Investors who feared the worst about Apple Inc. (NASDAQ: AAPL) found out their anxiety was well based. CEO Tim Cook announced the most recent quarter fell apart, by Apple’s standards, and there may be worse ahead.
Cook wrote in a letter to shareholders:
Today we are revising our guidance for Apple’s fiscal 2019 first quarter, which ended on December 29. We now expect the following:
Revenue of approximately $84 billion
Gross margin of approximately 38 percent
Operating expenses of approximately $8.7 billion
Other income/(expense) of approximately $550 million
Tax rate of approximately 16.5 percent before discrete items
When we discussed our Q1 guidance with you about 60 days ago, we knew the first quarter would be impacted by both macroeconomic and Apple-specific factors. Based on our best estimates of how these would play out, we predicted that we would report slight revenue growth year-over-year for the quarter. As you may recall, we discussed four factors:
First, we knew the different timing of our iPhone launches would affect our year-over-year compares. Our top models, iPhone XS and iPhone XSMax, shipped in Q4’18—placing the channel fill and early sales in that quarter, whereas last year iPhone X shipped in Q1’18, placing the channel fill and early sales in the December quarter. We knew this would create a difficult compare for Q1’19, and this played out broadly in line with our expectations.
Second, we knew the strong US dollar would create foreign exchange headwinds and forecasted this would reduce our revenue growth by about 200 basis points as compared to the previous year. This also played out broadly in line with our expectations.
Third, we knew we had an unprecedented number of new products to ramp during the quarter and predicted that supply constraints would gate our sales of certain products during Q1. Again, this also played out broadly in line with our expectations. Sales of Apple Watch Series 4 and iPad Pro were constrained much or all of the quarter. AirPods and MacBook Air were also constrained.
Fourth, we expected economic weakness in some emerging markets. This turned out to have a significantly greater impact than we had projected.
While we anticipated some challenges in key emerging markets, we did not foresee the magnitude of the economic deceleration, particularly in Greater China. In fact, most of our revenue shortfall to our guidance, and over 100 percent of our year-over-year worldwide revenue decline, occurred in Greater China across iPhone, Mac and iPad.
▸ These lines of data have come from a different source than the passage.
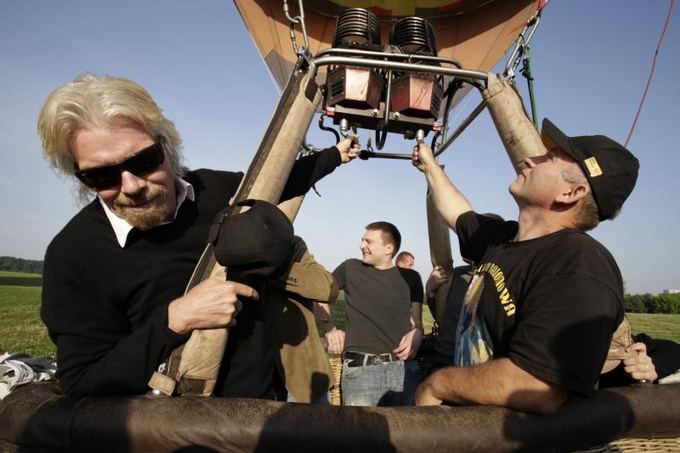 Skrydžio rengėjų nuotr./Richardas Bransonas ir oro baliono pilotas Romanas Mikelevičius (deainėje)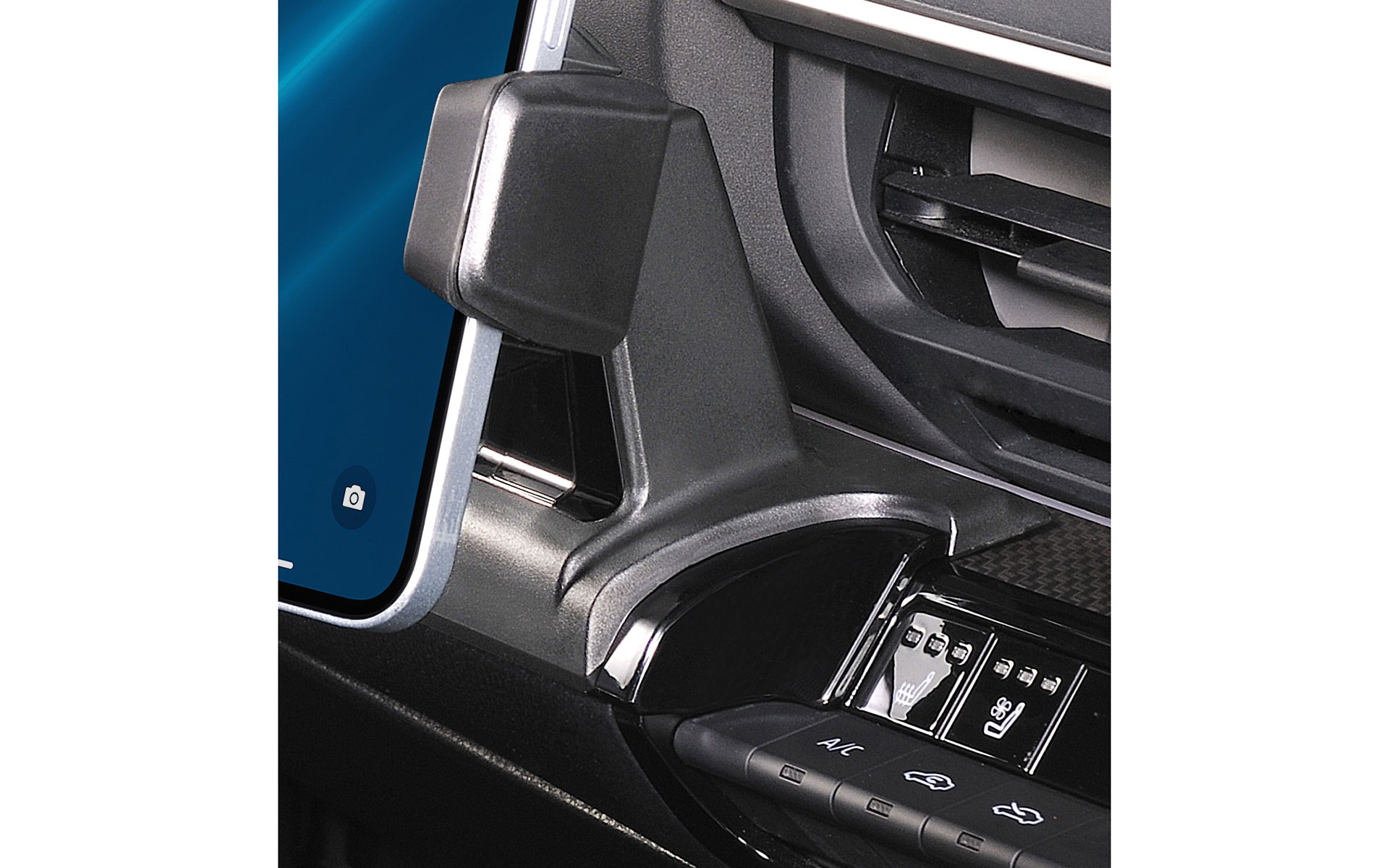 純正エアコンパネルのピアノブラックと調和する専用スマホホルダー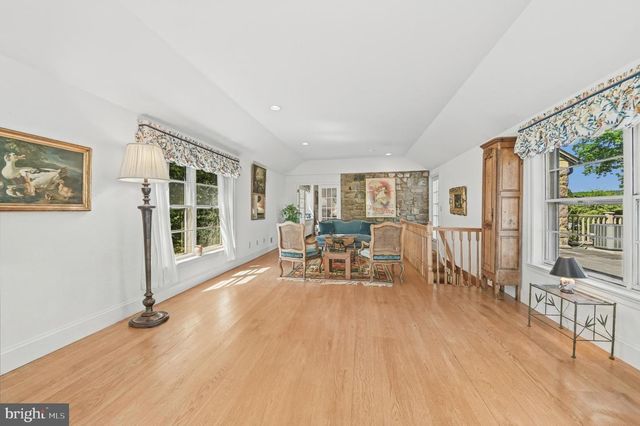 1194 STREET RD, New Hope, PA 18938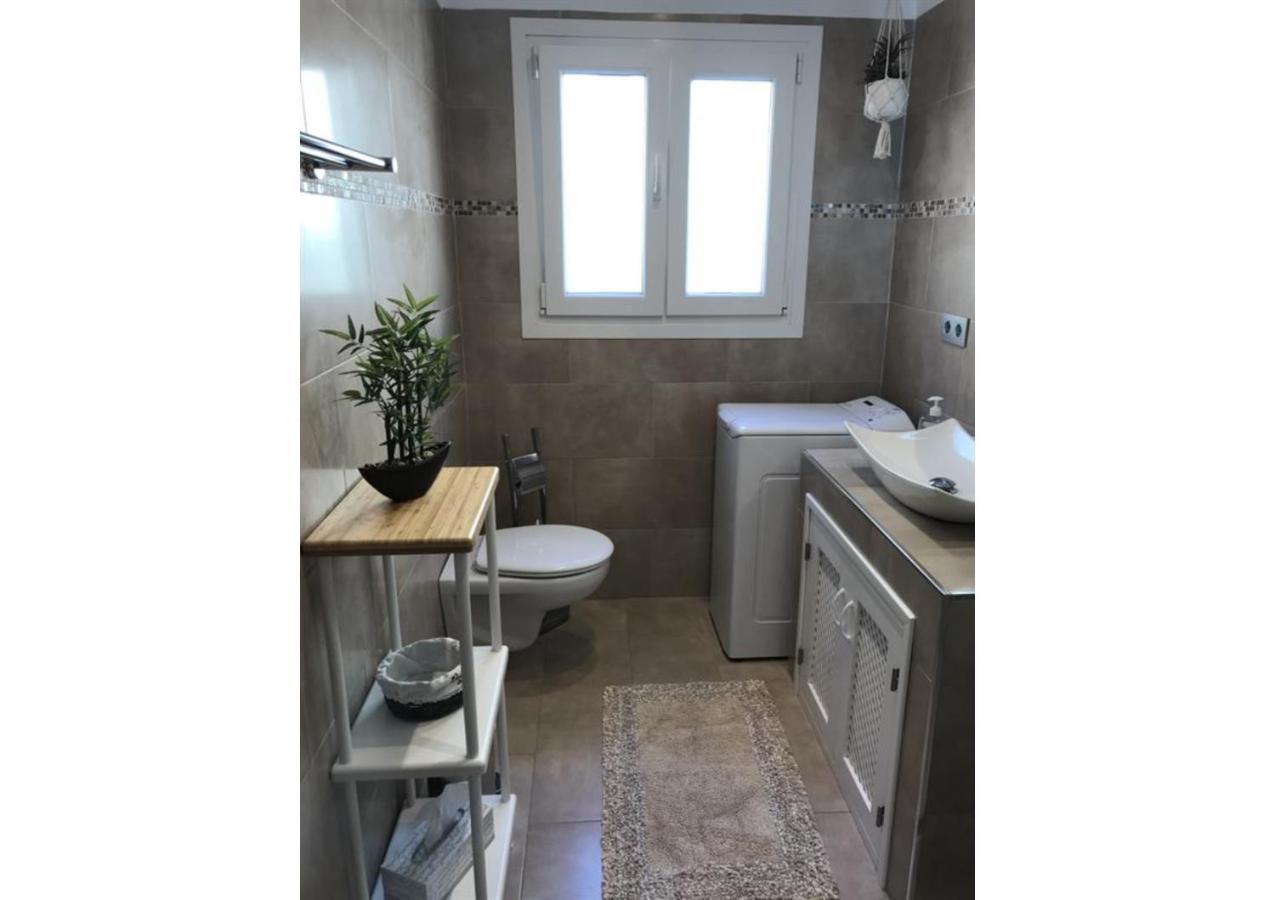Sunny Apartment On Burriana Beach Nerja Ngoại thất bức ảnh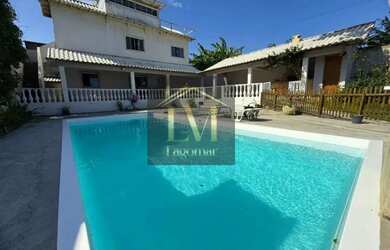 Imagem: A casa possui 3 Dormitórios, 3 Banheiros, 2 Vagas na garagem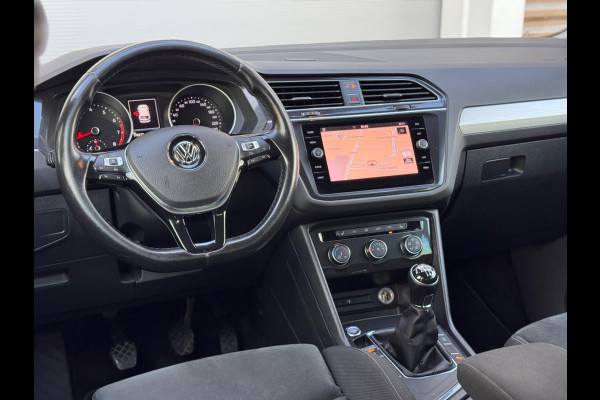Volkswagen Tiguan 1.4 TSI Comfortline Business AppleCarPlay/Keyless
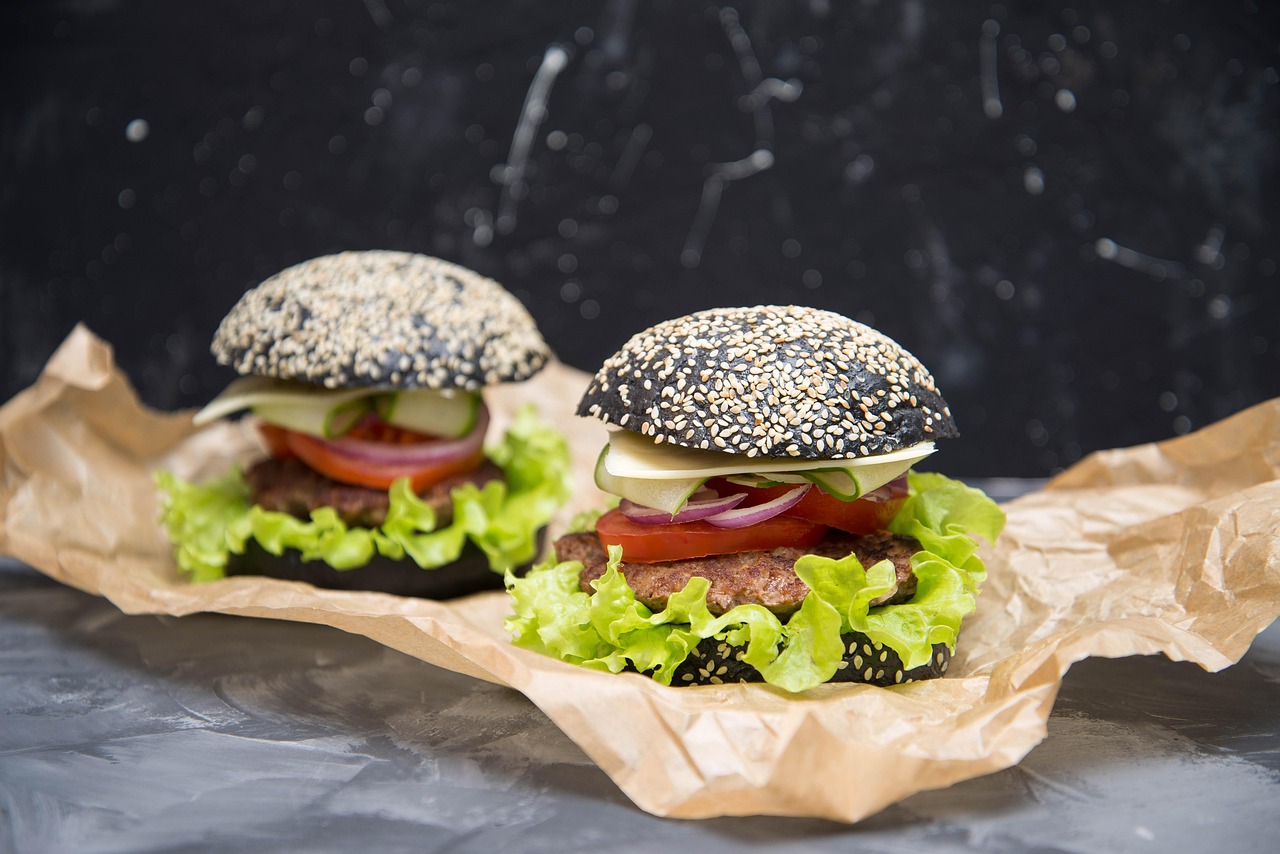burger, un sandwich, hamburger, fast food, nutrition, viande, un restaurant, goûter, du boeuf, des légumes, oignon, délicieux, frais, cheeseburger, aliments, rapidement, une tomate, chignon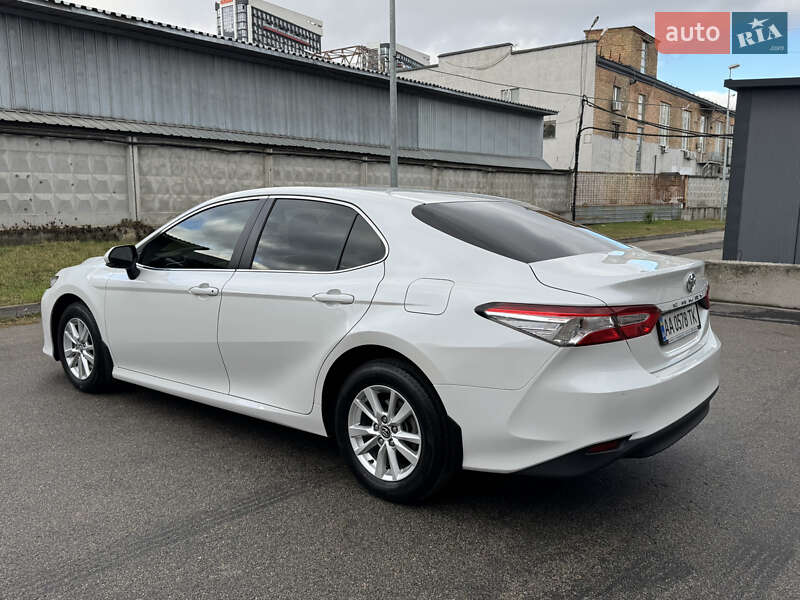 Седан Toyota Camry 2018 в Киеве фото 11 Седан Toyota Camry 2018 в Киеве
China’s economy began to slow in the second half of 2018. The government-reported GDP growth during the September quarter was the second lowest in the last 25 years. We believe the economic environment in China has been further impacted by rising trade tensions with the United States. As the climate of mounting uncertainty weighed on financial markets, the effects appeared to reach consumers as well, with traffic to our retail stores and our channel partners in China declining as the quarter progressed. And market data has shown that the contraction in Greater China’s smartphone market has been particularly sharp.